Reuse QuerySet._result_cache during IN clause
|Reported by:||mattrobenolt||Owned by:||mattrobenolt|
|Component:||Database layer (models, ORM)||Version:||1.4|
|Severity:||Normal||Keywords:||orm, queryset, result_cache, optimization, subquery|
|Cc:||apollo13, charette.s@…||Triage Stage:||Design decision needed|
|Has patch:||yes||Needs documentation:||no|
|Needs tests:||no||Patch needs improvement:||no|
If I have a QuerySet that has been evaluated previously, and shove it into an __in clause, a subquery is still generated.
- Reuse a list of primary keys instead, to prevent the database from performing the subquery.
cities = City.objects.all() list(cities) # Force evaluation of cities to populate cache print cities._result_cache is not None # Verify that the cache is filled Event.objects.filter(venue__city__in=cities) # This should use just the pks instead of a subquery
I began digging through the ORM, and found the source of the problem being that the origin QuerySet object is being clone()'d, causing it's _result_cache to be None.
The simple solution for now is to not pass a QuerySet into an IN clause if we know the set of ids. Can be remedied by something like [m.pk for m in qs], or just list(qs).

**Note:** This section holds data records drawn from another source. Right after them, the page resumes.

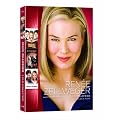 The Renee Zellweger Collection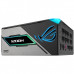 Vapehub-Image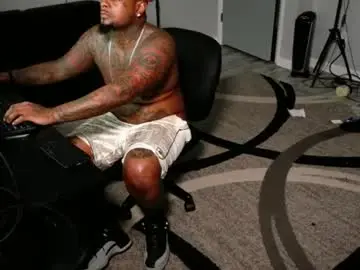 Chaturbate Watch Live Sex Cams of slangondemhoes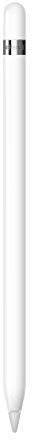 Apple Pencil (1. Generation)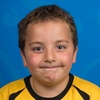 Profile Picture of ‍ (@nicholasworker) on Tiktok
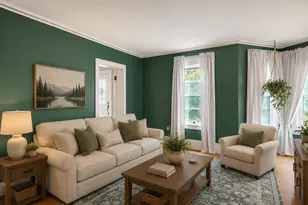 13 Monadnock St, Colebrook, NH 03576 - Photo 15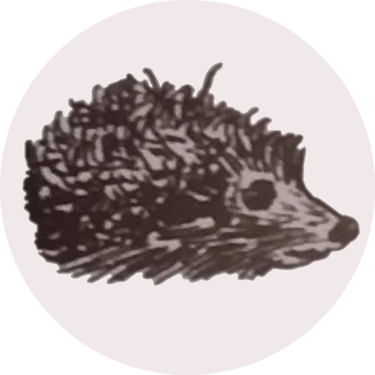 Tucker Sigourney logo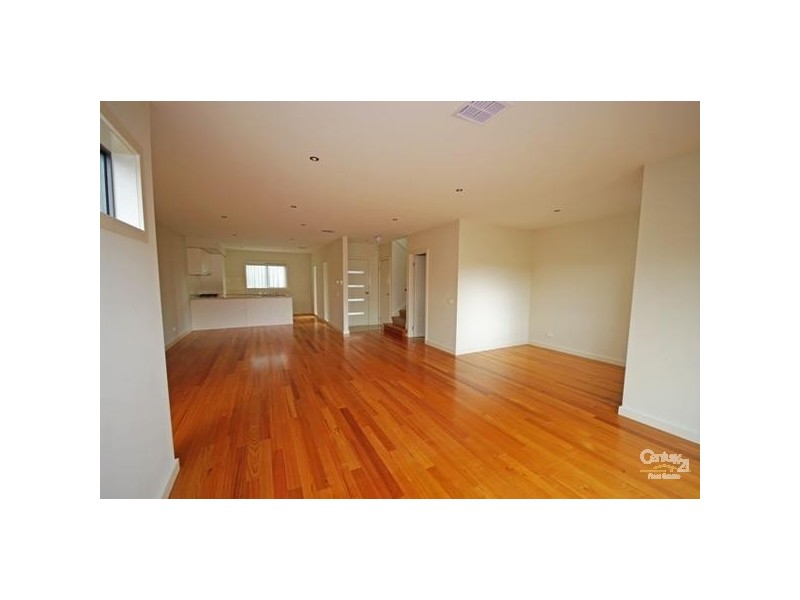 10/2-4 Faulkner Street, Bentleigh VIC 3204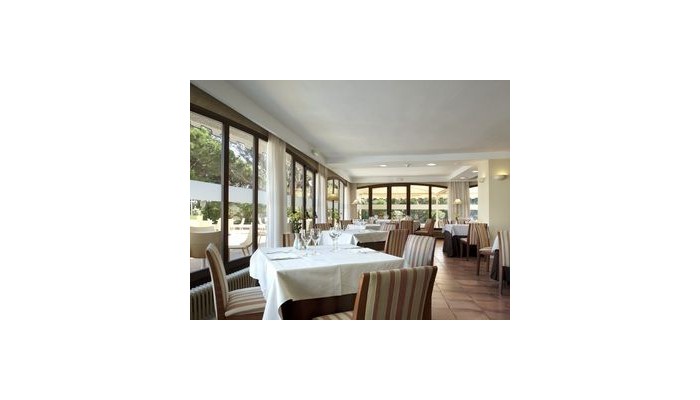 Poza pentru Hotel Ilunion Caleta Park 658-1487696668 Hotel Ilunion Caleta Park poza 9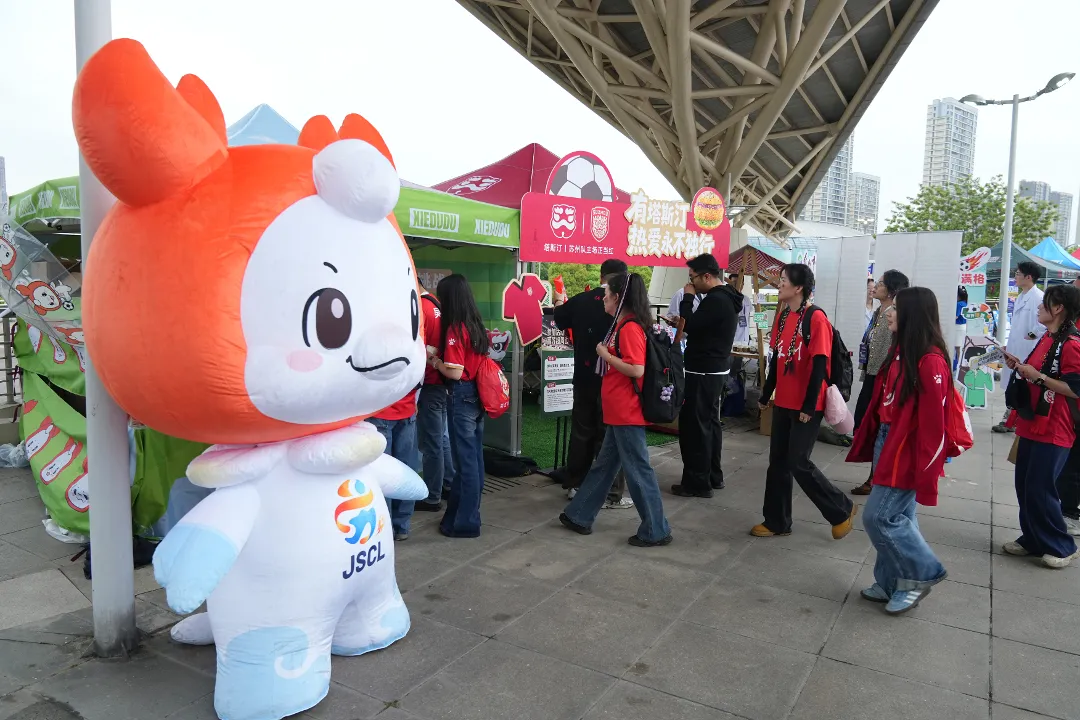 微信图片_20260502165115_66_2481.jpg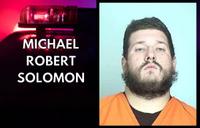 New Brighton 'Boogaloo Boi' Pleads Guilty to Conspiracy Charge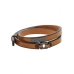 Bracciale Uomo Diesel DX0984040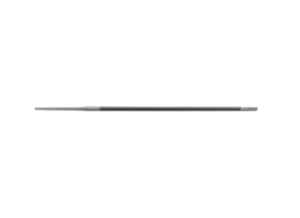 Lime ronde, pour chaîne .404", Ø 3,5 x 200 mm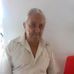 Alain Jacques - Facebook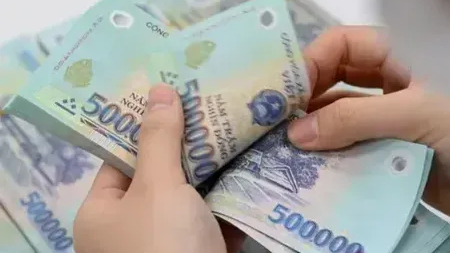 100% hộ kinh doanh được hỗ trợ trong quá trình chuyển đổi quản lý thuế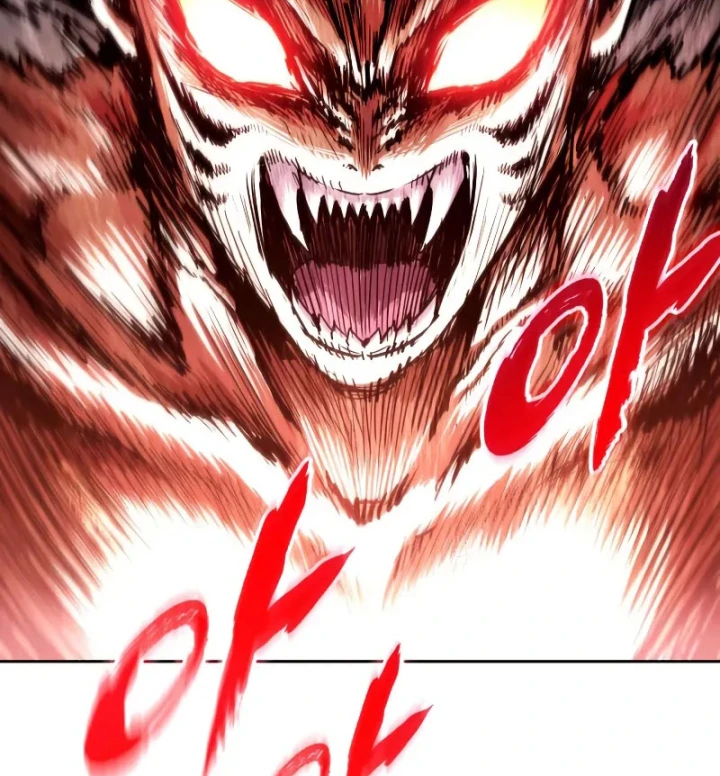 Ngã Lão Ma Thần Chapter 301 - 120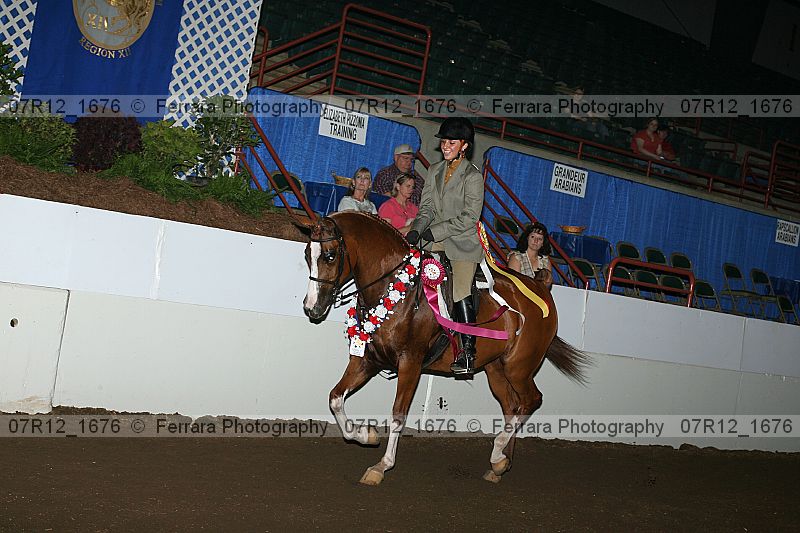 Proof 07r12_1676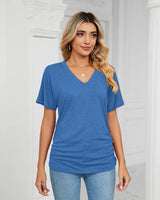 315f87c0-445d-464d-a217-13ee4669c8e0-Max-Origin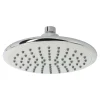 Waterland Badkameraccessoires<Douchekop regendouche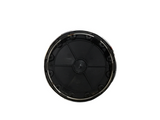 1995 1996 1997 1998 1999 Pontiac Sunfire ABS Center Wheel Cap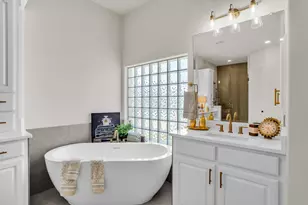 1600 Windmill Ct, Lucas, TX 75002 - Photo 22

For the latter solution, I think the documentation should be updated to reflect this distinction to avoid unexpected results and performance degradation.
Change History (7)
comment:1 Changed 3 years ago by mattrobenolt
- Has patch set
- Needs documentation unset
- Needs tests unset
- Owner changed from nobody to mattrobenolt
- Patch needs improvement unset
- Triage Stage changed from Unreviewed to Fixed on a branch
comment:2 Changed 3 years ago by apollo13
- Triage Stage changed from Fixed on a branch to Design decision needed
comment:4 Changed 3 years ago by akaariai
- Resolution set to wontfix
- Status changed from new to closed
comment:6 Changed 3 years ago by mattrobenolt
- Resolution wontfix deleted
- Status changed from closed to reopened